- Born: April 13, 1936
- Died: January 25, 1965 Georgia, U.S.

NASCAR Cup Series career
- 126 races run over 4 years
- Best finish: 8th (1964)
- First race: 1961 Myers Brothers 200 (Bowman Gray)
- Last race: 1964 Unnamed Race (Jacksonville)
| Wins | Top tens | Poles |
| 0 | 56 | 0 |

= Larry Thomas (racing driver) =

American racing driver

Larry Thomas (April 13, 1936 – January 25, 1965) was a NASCAR Grand National Series driver from Thomasville, North Carolina. Thomas died in a non-racing related car crash during the start of the 1965 NASCAR season.

==Driving career==
Thomas began his racing career in 1956 driving hobby stocks and modifieds at Bowman-Gray Stadium.

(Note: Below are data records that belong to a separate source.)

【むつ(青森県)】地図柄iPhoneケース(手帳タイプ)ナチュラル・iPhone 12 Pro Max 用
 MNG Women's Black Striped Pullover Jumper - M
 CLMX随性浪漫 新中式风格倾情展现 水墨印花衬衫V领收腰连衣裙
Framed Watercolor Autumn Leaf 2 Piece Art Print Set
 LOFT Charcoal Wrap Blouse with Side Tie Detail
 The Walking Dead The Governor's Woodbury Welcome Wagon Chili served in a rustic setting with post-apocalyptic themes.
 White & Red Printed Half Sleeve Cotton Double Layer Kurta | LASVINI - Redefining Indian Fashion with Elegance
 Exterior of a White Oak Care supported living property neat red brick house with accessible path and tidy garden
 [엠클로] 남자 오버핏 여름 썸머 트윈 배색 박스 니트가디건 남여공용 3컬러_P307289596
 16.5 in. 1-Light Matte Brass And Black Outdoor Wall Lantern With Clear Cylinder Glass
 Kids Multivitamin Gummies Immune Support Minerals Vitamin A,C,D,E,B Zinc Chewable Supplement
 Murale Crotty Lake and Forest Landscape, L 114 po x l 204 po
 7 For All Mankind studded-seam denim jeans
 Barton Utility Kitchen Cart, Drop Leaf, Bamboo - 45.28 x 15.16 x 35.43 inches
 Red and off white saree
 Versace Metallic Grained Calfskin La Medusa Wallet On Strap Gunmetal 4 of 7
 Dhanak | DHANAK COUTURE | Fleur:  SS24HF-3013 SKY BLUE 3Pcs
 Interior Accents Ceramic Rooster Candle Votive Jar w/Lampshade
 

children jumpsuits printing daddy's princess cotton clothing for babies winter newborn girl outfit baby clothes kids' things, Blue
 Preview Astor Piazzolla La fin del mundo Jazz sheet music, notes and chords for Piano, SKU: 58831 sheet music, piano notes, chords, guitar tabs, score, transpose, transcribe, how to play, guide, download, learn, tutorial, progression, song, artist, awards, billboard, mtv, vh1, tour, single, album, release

He began his NASCAR career in 1961 driving for Wade Younts. His best finish was seventh at South Boston Speedway. During the 1962 season, Thomas encountered a significant number of mechanical failures which marred him in seventeenth place in the standings. His 1963 campaign did not fare much better as he ended up twenty-second in the point standings. 1964 was Thomas' breakout season. Though he still suffered quite a few mechanical failures throughout the season, he finished eighth in the final point standings and earned a career-best second-place finish at Hickory Speedway. Also in 1964, Thomas was involved in a significant wreck at Jacksonville Speedway when he flipped over the Younts' owned Dodge. Thomas escaped without serious injury.

==Death==
Getting ready for the 1965 season, Thomas was driving to a tire test when he drove off Interstate 75 in Georgia and landed in a thirty-five foot embankment killing him instantly.